Materials provided =
┌────────
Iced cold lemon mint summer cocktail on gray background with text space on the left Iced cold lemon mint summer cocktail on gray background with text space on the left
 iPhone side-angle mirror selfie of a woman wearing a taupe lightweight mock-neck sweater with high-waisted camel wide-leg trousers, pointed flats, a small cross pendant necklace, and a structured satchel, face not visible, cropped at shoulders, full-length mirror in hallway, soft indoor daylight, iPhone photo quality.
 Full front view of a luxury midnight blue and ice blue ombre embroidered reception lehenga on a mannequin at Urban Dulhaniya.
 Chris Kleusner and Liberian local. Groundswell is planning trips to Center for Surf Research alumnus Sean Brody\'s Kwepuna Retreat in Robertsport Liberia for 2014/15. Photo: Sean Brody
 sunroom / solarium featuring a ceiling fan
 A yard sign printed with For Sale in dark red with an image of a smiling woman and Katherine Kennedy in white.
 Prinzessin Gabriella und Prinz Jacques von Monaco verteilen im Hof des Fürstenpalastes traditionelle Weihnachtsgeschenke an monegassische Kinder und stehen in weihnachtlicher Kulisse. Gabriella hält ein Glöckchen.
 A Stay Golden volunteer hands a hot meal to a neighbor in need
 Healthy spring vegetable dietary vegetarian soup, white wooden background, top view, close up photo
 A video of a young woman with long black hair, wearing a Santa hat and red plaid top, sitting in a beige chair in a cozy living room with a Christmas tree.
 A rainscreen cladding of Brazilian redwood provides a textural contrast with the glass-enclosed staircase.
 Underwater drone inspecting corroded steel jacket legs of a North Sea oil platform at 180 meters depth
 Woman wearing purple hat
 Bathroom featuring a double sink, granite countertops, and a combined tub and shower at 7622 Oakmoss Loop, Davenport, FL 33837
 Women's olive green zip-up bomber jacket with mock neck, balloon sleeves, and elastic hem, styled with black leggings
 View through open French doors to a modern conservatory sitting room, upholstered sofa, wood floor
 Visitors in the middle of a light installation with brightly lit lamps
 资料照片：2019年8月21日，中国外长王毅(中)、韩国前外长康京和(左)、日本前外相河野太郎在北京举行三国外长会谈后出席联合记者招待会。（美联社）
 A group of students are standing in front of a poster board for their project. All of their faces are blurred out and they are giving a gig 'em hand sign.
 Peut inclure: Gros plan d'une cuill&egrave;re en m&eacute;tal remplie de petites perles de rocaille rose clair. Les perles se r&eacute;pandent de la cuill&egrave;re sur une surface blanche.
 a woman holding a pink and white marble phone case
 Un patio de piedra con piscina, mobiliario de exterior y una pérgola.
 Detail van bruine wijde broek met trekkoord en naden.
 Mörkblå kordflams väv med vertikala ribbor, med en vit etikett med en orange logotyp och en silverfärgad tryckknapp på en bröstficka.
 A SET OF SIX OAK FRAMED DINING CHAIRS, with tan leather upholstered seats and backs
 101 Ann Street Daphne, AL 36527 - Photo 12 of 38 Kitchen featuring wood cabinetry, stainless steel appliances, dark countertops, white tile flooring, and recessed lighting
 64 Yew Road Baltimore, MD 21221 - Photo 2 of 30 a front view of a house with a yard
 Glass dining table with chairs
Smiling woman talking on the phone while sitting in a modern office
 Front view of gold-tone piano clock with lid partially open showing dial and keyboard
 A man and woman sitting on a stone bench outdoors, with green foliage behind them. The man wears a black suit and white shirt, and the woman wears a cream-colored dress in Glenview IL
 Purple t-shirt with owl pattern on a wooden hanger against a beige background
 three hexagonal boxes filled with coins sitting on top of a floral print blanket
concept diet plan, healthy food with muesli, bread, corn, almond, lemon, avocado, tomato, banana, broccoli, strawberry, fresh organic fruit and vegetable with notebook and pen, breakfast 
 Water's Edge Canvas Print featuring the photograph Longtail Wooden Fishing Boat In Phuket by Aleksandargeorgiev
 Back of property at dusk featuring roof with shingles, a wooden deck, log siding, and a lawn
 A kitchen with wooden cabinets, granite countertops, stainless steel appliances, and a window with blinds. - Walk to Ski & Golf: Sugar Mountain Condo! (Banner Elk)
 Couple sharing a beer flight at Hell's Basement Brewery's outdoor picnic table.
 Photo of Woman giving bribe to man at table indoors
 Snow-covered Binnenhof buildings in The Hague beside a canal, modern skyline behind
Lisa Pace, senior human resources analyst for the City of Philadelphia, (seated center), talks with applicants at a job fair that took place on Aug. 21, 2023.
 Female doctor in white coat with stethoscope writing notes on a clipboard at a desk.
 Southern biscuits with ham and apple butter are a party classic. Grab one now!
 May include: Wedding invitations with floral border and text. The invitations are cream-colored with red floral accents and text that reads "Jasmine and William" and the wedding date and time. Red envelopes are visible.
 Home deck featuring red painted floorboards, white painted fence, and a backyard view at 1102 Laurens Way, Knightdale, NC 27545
└────────
Task =
Repeat the entries above verbatim, but only from the line that has "A group of students" down to the line that has "Un patio de", inclusive.

Problem solution =
 A group of students are standing in front of a poster board for their project. All of their faces are blurred out and they are giving a gig 'em hand sign.
 Peut inclure: Gros plan d'une cuill&egrave;re en m&eacute;tal remplie de petites perles de rocaille rose clair. Les perles se r&eacute;pandent de la cuill&egrave;re sur une surface blanche.
 a woman holding a pink and white marble phone case
 Un patio de piedra con piscina, mobiliario de exterior y una pérgola.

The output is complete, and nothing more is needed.